Özellikle memur lojmanları, kamu ve özel yerleşim sitelerden gelen gençlerin davranış ve düşünüşlerindeki tutukluk, özellikle siyasal, toplumsal ve yurt sorunlarına uzak durma becerisi; neredeyse bir formüle dayanıyor görülmektedir… Nasıl bir şeydir; komşu kızını-komşu oğlunu sevemeden, yasaksız çimenlerin üzerinde çelik çomak oynamadan, fırından alınan sıcak ekmeğin ucunu yiyerek eve getirmenin tadını bilmeden üniversitelere koşar adım gelmek nasıl bir şeydir? Çocuklukların da her gün evden çıkarken, akşam eve dönerken selam verdikleri güvenlikçi ağabeyler; onların bu yeni yaşam biçiminde de onları sanal olarak izlemeye, etkilemeye devam etmekte ve yeni yaşam biçimlerinde geçmişten gelen tüm ağırlıklarını hissettirmektedir.
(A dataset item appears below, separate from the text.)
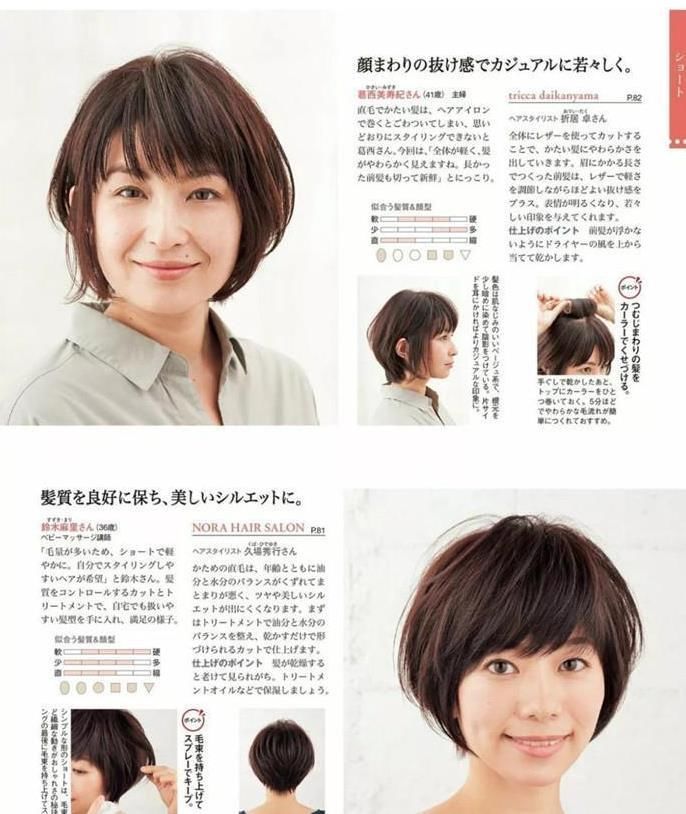 中年女性适用甚么发型？不扮嫩不显老，这几款正适宜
Bu yetişme biçimi; sosyal bir yerleşim ortamı içinde sosyalleşemeden yaşayarak bir üst sınıfa geçmek; soru çözme, ders çalışma, yarışmada akranlarını geride bırakma konusunda önceleri işe yarasa da; daha sonra; geç kalmış bir direnişin genleşmesiyle; içinden çıkılmaz sorunların ağır baskısı bu gençleri sistemin dışına itiyor. Diğer kesimlerden gelen işçi, küçük memur, esnaf çocuklarının yaşama bakışları, kendileri için gelecek planlarının daha gerçekçi, bilgi ve deneyim açıkları olsa da daha mücadeleci olduklarını söylemek ve bu savı ileri sürmek hiç de yanlış olmaz diyorum…

Benimle tanıştırılan üniversite gençlerinin okullarını öğrendikten sonra hemen ders notu ortalamalarını soruyorum. Çoğu bu özel isteğime bir anlam veremiyor. Bu gençlerin bir bölümü de bu ortalamayı tam bilmiyor ve kendi ders notu ortalamalarını öğrenme gereğini görmüyor. Oysaki not ortalaması o gencin cebindeki nakit para gibidir. Ne kadar parası varsa o kadar gereksinimlerini karşılayacaktır. Bir üniversite gencinin not ortalaması; disiplinli çalışmasını, seçmeli ders almasını ve bir üst sınıfa daha güçlü ve özgüvenle başlamasının sağlar. Tartıştığım gençler bu konuyu düşünüyorlar ve zaman içinde haklılığımı görüyorlar çok çalışarak başarılı oluyorlar.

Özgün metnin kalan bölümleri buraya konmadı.